Fr. Tolton was born into slavery and later overcame unthinkable adversity to be ordained as the country’s first African-American Catholic priest. He attended St. Peter until he escaped to the free state of Illinois during the Civil War. He wanted to become a priest, but was denied access to seminaries in the U.S. So he went to the Urban College in Rome, where he was ordained in 1886. He returned to the U.S. to serve and, despite rampant racism and discrimination, he became one of Chicago’s most popular pastors, attracting members of both white and black Catholic communities. He shines as an example of what happens when Christians embrace this crazy idea that “nothing will be impossible for God.”
As we wrap up Black Catholic History Month this November, we at Catholic Extension have announced a grant to the Diocese of Jefferson City, where the tiny town of Brush Creek is located. We have pledged to help the diocese repair the humble site of Fr. Tolton’s baptism, a church accessible only via gravel road, to preserve the enormously important legacy of a heroic priest of the late 19th century who is now being considered for sainthood. Pilgrims are beginning to visit this sacred place as more and more people become aware of the Fr. Tolton story through the Archdiocese of Chicago’s efforts to present his cause for canonization.

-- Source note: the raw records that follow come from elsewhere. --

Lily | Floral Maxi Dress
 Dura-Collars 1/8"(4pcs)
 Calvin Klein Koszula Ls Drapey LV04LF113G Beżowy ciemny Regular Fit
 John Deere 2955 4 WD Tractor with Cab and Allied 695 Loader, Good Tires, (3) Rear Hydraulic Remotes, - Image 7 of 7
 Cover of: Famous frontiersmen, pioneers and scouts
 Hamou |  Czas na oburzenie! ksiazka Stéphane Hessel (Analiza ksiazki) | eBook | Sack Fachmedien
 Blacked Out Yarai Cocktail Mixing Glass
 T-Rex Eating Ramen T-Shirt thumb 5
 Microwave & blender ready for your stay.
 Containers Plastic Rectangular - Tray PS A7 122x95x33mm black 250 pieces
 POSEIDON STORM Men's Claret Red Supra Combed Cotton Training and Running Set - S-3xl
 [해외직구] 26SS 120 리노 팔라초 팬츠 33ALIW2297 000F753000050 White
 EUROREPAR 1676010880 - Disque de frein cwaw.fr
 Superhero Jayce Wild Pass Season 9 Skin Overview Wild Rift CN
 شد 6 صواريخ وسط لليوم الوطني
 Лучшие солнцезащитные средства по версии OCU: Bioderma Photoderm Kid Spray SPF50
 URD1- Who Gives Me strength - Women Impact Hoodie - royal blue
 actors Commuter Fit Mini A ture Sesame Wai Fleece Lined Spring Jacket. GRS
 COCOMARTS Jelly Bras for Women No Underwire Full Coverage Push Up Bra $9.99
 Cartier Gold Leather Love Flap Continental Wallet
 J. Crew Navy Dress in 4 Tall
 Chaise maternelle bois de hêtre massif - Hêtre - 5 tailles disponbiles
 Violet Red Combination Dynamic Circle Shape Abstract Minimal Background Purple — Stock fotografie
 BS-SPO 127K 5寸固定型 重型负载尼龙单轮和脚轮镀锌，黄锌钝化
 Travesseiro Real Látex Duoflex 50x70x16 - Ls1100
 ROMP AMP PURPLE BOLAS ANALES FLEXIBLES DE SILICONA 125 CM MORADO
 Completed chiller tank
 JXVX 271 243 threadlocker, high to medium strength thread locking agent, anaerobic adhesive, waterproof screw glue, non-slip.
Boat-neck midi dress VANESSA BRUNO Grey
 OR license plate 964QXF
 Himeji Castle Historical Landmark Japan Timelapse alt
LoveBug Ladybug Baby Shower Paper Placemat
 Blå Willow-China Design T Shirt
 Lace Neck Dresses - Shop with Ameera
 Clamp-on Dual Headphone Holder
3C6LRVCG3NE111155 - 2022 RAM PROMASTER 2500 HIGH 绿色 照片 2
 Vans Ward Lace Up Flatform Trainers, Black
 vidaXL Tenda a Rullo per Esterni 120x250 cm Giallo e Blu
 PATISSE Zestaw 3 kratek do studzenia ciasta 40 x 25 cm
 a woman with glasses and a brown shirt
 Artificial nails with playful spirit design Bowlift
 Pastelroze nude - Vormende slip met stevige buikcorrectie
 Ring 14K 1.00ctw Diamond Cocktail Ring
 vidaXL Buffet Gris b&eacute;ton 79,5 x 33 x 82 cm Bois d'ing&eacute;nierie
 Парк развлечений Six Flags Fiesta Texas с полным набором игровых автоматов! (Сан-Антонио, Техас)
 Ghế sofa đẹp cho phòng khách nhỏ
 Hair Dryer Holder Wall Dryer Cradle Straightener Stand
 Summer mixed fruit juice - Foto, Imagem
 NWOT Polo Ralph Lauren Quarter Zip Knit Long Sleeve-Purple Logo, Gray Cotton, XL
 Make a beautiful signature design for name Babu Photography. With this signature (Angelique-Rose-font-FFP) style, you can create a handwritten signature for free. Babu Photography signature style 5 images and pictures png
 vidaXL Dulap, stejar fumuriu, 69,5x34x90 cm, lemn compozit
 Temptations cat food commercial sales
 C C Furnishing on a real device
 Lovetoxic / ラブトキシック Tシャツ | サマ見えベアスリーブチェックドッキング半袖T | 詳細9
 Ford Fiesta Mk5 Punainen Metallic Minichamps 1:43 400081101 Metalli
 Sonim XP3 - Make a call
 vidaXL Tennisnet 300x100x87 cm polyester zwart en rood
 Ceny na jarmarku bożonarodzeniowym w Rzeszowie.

Currently, St. Martin de Porres is the Catholic Church’s only “official” saint of African descent in the Western Hemisphere. Fr. Tolton would be a welcome addition to that rank. His story in so many ways represents the rich history of African-American Catholics, who in spite of many setbacks and struggles over the years have intrinsically shaped our Catholic religious experience in the U.S. and have made us a better, more complete Church.
My own spiritual formation, in a very personal way, has been influenced by the Black Catholic perspective here in Chicago in parish not far from where Fr. Tolton once ministered a century ago. For several years, I attended a church whose goal, which many parishioners could repeat verbatim, was “to bring one more soul closer to Christ and to help somebody along the way.” For me, this sums up both the spiritual and the social dimensions of Christianity that African American Catholics intuitively understand and embody.
Fr. Tolton’s story reminds us of the truth that is also at the heart of Catholic Extension’s work: the greatest among us emerge from the least-expected places. Our grant to St. Peter will enable the Diocese of Jefferson City to preserve the rich legacy of America’s first African-American priest, so that Fr. Tolton’s story can continue to be shared among Catholics and give hope to communities that face immense social and economic challenges today.”